Once your pupils are secure at peer marking and editing, they can move on to self-editing; checking through their own work to see what they could change and improve. You could have cut up sentences ready to stick in books or pre-record a video/audio clip of yourself saying something like “Now check through your work and see how you can improve it”, “Now edit your sentences so they make sense”, “Now see if you can hook your reader by making your writing more exciting” etc. This gives them an editing focus. You could also ask them to explain how they think they have done in that lesson and if they need any help with anything. This can help form your feedback and inform your future planning. This could be done during the lesson or they could record themselves explaining this to you, or write it on a Post-It for you to see when you’re giving distance marking/feedback. If your pupils find self-editing difficult, because for example, they can’t read their own sentences back, then use adult or peer support. This support could simply be someone to read their sentences so they can hear and identify if they have made an error.
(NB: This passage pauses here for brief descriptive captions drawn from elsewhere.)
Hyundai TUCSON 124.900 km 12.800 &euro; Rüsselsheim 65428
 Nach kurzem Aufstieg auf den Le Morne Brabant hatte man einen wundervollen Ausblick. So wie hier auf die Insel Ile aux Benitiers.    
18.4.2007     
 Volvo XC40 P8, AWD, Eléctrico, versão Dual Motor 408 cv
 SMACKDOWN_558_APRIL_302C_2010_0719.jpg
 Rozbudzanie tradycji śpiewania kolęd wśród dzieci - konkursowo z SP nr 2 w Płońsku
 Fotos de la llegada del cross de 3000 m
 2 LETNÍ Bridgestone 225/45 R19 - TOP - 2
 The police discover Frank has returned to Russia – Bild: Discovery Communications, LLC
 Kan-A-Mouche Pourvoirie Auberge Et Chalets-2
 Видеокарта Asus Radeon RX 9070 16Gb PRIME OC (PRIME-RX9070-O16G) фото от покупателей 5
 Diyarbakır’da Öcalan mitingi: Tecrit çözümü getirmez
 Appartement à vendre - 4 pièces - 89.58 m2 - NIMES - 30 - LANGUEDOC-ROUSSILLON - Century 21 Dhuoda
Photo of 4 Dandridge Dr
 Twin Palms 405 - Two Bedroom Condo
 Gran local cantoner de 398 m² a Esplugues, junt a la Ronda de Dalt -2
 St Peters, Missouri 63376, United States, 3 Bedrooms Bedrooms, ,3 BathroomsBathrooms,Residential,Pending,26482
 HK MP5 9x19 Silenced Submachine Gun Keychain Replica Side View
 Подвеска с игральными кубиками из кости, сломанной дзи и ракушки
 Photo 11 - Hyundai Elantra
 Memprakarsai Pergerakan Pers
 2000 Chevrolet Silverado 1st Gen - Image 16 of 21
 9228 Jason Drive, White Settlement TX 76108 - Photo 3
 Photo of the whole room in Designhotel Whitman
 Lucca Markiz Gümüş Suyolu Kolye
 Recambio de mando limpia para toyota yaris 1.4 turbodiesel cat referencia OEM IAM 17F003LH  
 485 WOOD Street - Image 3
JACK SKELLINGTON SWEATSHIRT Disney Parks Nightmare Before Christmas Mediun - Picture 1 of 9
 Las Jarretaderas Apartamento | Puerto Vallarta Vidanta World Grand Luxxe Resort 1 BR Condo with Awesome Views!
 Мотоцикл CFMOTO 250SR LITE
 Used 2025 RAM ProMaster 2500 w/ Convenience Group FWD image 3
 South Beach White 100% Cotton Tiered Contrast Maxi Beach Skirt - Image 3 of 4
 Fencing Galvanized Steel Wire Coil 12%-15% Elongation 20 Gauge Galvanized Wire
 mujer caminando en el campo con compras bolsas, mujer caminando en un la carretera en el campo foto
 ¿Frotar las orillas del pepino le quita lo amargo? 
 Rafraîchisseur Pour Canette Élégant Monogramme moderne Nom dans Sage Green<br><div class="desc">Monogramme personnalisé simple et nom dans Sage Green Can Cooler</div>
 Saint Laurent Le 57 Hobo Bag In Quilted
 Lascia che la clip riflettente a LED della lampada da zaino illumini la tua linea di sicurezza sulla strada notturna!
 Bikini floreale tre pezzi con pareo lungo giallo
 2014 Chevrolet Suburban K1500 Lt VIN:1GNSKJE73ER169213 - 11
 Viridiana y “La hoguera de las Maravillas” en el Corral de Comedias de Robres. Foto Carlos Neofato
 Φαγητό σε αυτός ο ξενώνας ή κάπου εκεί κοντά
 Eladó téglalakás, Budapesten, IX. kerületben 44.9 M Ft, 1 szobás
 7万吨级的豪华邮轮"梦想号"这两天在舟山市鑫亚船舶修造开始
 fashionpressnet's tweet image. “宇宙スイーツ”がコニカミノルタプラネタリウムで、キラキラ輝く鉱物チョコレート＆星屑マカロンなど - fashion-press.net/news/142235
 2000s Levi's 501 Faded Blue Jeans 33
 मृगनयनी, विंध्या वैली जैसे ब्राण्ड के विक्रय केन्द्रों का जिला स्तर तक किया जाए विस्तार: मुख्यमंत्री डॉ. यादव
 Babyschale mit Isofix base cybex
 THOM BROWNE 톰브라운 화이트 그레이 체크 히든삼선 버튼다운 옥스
Praise stamps, stickers and certificates
Stamps, stickers and certificates easily and visually tell a child that they have done well and save valuable time when you are distance marking. Pupils will feel excited to see these in their books and it sparks a curiosity about why they received it. This is a great way for them to start a conversation with you or their friends about what they think they have done well and it encourages them to start self-evaluating. I wouldn’t use praise stamps etc. on their own too often, as its important for children to have plenty of opportunities to have direct feedback, that clearly explains what they have done well. Praise stamps etc. are useful if you have given verbal feedback, but you have to have some sort of marking in your books. This way you are not wasting time copying out what you just said. Using certificates is a really easy way to communicate with parents too!
Group your books based on next steps
Instead of grouping your books (ready to mark) based on who the pupils worked with or their ability groups or such like, group your books based on common issues or misconceptions that you spotted during the lesson. For example, if you noticed six children had lots of spelling errors when you did your progress check, mark these books together. You may find they would be a great group to grab next lesson for a bit of extra input, or you might want to give them all a similar scaffold, the same few words to practice etc. Grouping your books like this can save you time and help you plan next steps for groups of children.